Monday Night PVP: Rough Night

The PVP itself actually went pretty well tonight: it was resto druid/ret paladin night, and we played 18 matches going 9-9.  We started around 1500 rating and climbed up to 1650, which I feel good about.  The very first match was a seemingly endless one against a holy paladin/I don’t even remember team, and we had two more very long matches which both ended in losses: one against a disc priest/aff lock team that ended when I got mana burned to death, and another against a resto shaman/frost DK team that ended when the DK’s burst all lined up and he killed me through my available healing.

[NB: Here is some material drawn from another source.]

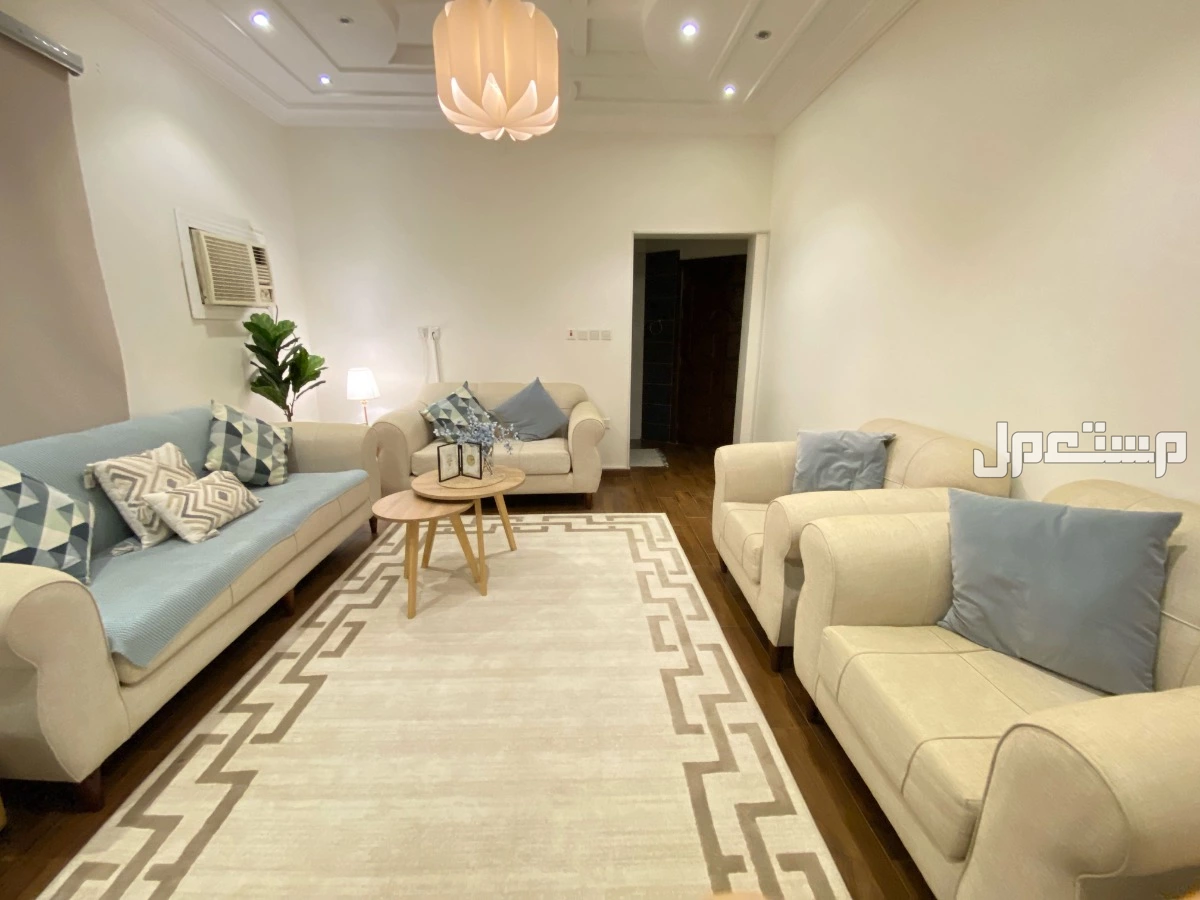 السجاد والكنب والطاولات والأبجورة 1500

But the rough part was my attitude and my partner’s.  Criceto (my ret) got fed up and called it early.  Long matches are draining, I know, and nobody ever shows up to make a never-ending stalemate uneven like they do in a battleground.  Thus, occasionally, 2v2 is just a never-ending slugfest and awful as a result.  I get that, but it still sucked seeing it get the better of a friend.

I threw a straight-up temper tantrum a short while after we stopped playing.  It was unrelated (directly) to the game, but it was a temper tantrum, and I’m writing this blog to talk about my bad behaviors.  So here goes.

I was mad at myself for some big errors I made during arena matches, and then mad at myself for getting mad at myself and raising my voice.  And it just spiraled out of control, ending with my spraining my hand angry-punching an inanimate object like a freaking five-year-old.

I stayed pretty upbeat during the games, re-queuing and talking about what we could have done better, what my mistakes were, etc.  But apparently it boiled over afterwards, and I just don’t know what I need to do to further distance myself.  Because it’s a fucking game, and I act like a spoiled child over it sometimes.

I don’t really have a solution.  In the abstract, I’m happy about how tonight went in the game.  I’m furious with myself for acting the way I did afterwards, and everyone in the house with me at the time had to hear me carrying on, both before I hurt my hand and (more whinily) after.  There’s no excuse for it.

So that was tonight.  Frustration won.  We’ll see what I do tomorrow.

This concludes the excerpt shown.